From a lateral perspective, a JewelGrid is composed of a 100% rectangular pattern. This results in a regular lateral IJ-grid, with vertical 'stacks'. Each stack (more accurately stack set, see below) is fully determined by its i- and j-value. On the other hand, layers are fully determined by their k-value. The vertical grid boundaries of the grid cells are determined by k-layer definition, faults, intrusions, and unconformities (the latter three called 'discontinuity surfaces' or 'discontinuities'). This allows for a highly accurate representation of these geological phenomena, even within the dimensions of an IJ-stack.

The cross-section in the figure below shows the effect of layering and a reverse fault.

Note that in the following description both 'layer' and 'k-layer' are used, meaning the same feature, namely a layer consisting of a single cell in the vertical direction

Effect of layering and a reverse fault click to enlarge

Although each k-layer has a unique k-value, the fault results in that a layer may have two, or even more, grid cells with an IJ-stack. For example, the yellow layer, with say k-value 2 (top undefined layer has k=0), has two grid cells namely cell 15 and 10, in the third IJ-stack from the left. Let’s assume this IJ-stack has i=3, and j=5. Hence, both cells 15 and 10 have i=3, j=5, and k=2. These grid cells are called multiple-IJK cells. Most reservoir simulators cannot handle this, and, in order to correctly model a JewelGrid in a reservoir simulator, a grid is built that the simulators can handle. This grid is called the simulation grid.

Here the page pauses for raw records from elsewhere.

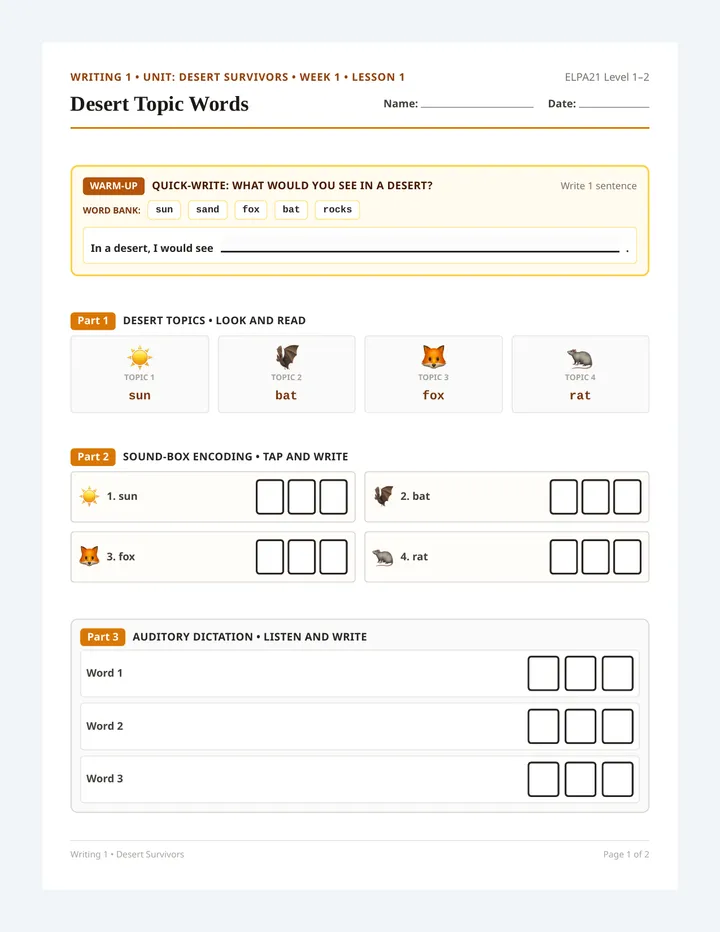 Topic Words Activity Sheet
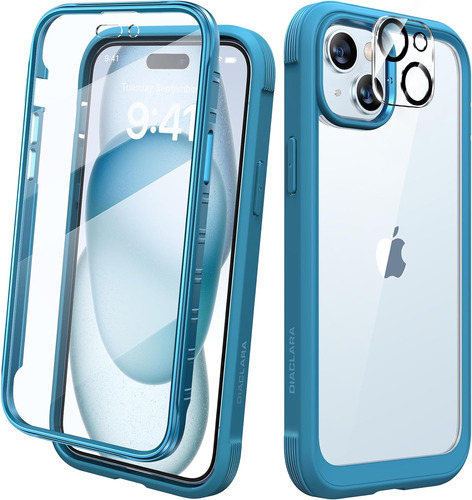 Funda Para iPhone 15 Diaclara, Protección 360°, Color Azul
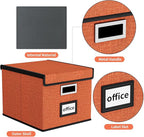 Huolewa File Organizer Box with Lid, Collapsible File Folder Organizer for Office Document Storage, Filing Box with Plastic Slide for Letter Size Hanging File Folders(1 Pack, Reddish Organge)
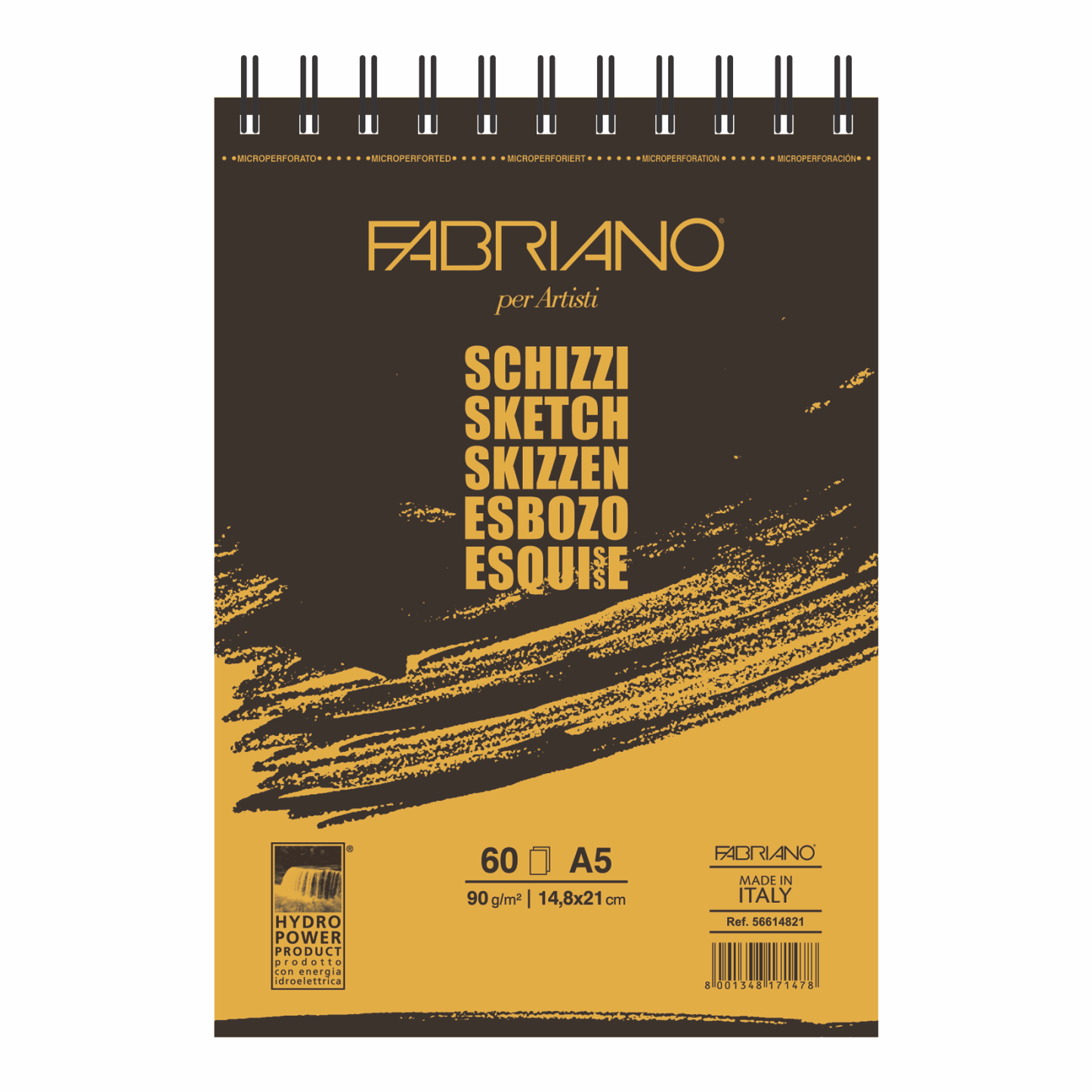FABRIANO BLOCK ESPIRALADO SCHIZZI 14.8X21 90G X 60H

Note that apart from grid cells adjacent to faults, intrusions, or unconformities, the JewelGrid results in almost rectangular grid cells, with only the dipping of the layers resulting in not 100% perfect orthogonally. This unique feature of JewelGrid cells results in a very accurate finite difference definition in the simulator resulting in most correct modeling of flow (convection), diffusion, and heat conduction.

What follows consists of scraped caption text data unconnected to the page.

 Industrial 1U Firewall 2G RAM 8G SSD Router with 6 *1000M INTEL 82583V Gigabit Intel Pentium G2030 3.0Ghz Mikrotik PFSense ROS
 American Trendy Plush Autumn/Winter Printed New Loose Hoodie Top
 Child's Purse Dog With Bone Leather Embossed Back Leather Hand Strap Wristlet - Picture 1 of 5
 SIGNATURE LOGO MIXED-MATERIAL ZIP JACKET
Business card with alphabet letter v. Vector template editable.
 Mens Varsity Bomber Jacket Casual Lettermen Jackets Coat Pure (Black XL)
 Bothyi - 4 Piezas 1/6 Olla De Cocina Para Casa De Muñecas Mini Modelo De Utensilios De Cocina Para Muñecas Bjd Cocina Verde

Before going into detail, a few concepts should be explained.

A stack is all the cells with the same i- and j-value above (top stack), below (bottom stack), or in between discontinuities. This means that all cells within a stack always have a unique k-value.
A stack set is composed of all stacks with the same i- and j-value. A stack set is defined by its i- and j-value.
A multi-valued stack set is a stack set that has two or more stacks.
Multiple-IJK cells are cells that have the same i-, j-, and k-value.
A schematic grid is a schematic representation of a simulation grid.

Creating a simulation grid from a JewelGrid

To correctly model a JewelGrid in a reservoir simulator, a grid is built that simulators can handle. In the following we will call that grid the simulation grid.

In the simulation grid, multiple-IJK cells are taken care of by adding additional k-layers (as compared to number layers in the JewelGrid layers) to the simulation grid and storing multiple-IJK cells in these layers. Non-neighbor connections (also called special connections) are created to connect these multiple-IJK cells to their actual neighbors in the JewelGrid. Subsequently, transmissibilities for both neighbor and non-neighbor connections are calculated.

Although porosity, net-to-gross and permeabilities to the simulator are automatically specified, and the simulator subsequently calculates the pore volume and transmissibilities, these simulator calculated values are overwritten with its own calculated values.

The creation of a simulation grid from a JewelGrid will be explained by using a simple example of a grid with three layers and a reverse fault. The figure above shows a 2D-slice of this example grid. Two IJ-stack sets have been used to accurately represent the fault. Along this fault, non-neighbor connections have been defined.

Important The cells indices determine if cells are neighbors. For cells to be neighbors, the index values for two directions (for instance I and J) have to be equal, and in the other direction (for instance K) the difference should be exactly one. Non-neighbor connections are needed for cells that are neighbors in the JewelGrid but not in the simulation grid. The non-neighbor connection consists of the IJK indices of the two cells and the transmissibility value. For neighbors in the simulation grid that are not neighbors in the JewelGrid, the transmissibility between them is set to zero.

To explain the creation of the simulation grid, take a look at the following example description. In this example case the creation of the simulation grid entails adding extra grid k-layers for the simulation. These layers are used to store blocks of cells which are situated directly above faults, unconformities, or intrusions. For example, the cells above the reverse fault in the figure (marked by a green boundary) are moved to additional layers.

The resulting simulation grid is illustrated in the next figure. Notice that the number of layers has doubled and that the cells above the reverse fault have been moved to the new layers. The empty space created above the fault and in the new layers is filled with void cells. These void cells will be ignored by the simulator. Additional non-neighbor connections have also been defined between the moved cell block and its previous direct neighbors. You may notice that this way is not the most efficient way of storing the multiple-IJK cells, but this is the simplest way to explain the basics of the method.

Resulting simulation grid with additional layers to store multiple-IJK cells click to enlarge

All defined non-neighbor connections will be specified in the input file(s) to the simulator (see below).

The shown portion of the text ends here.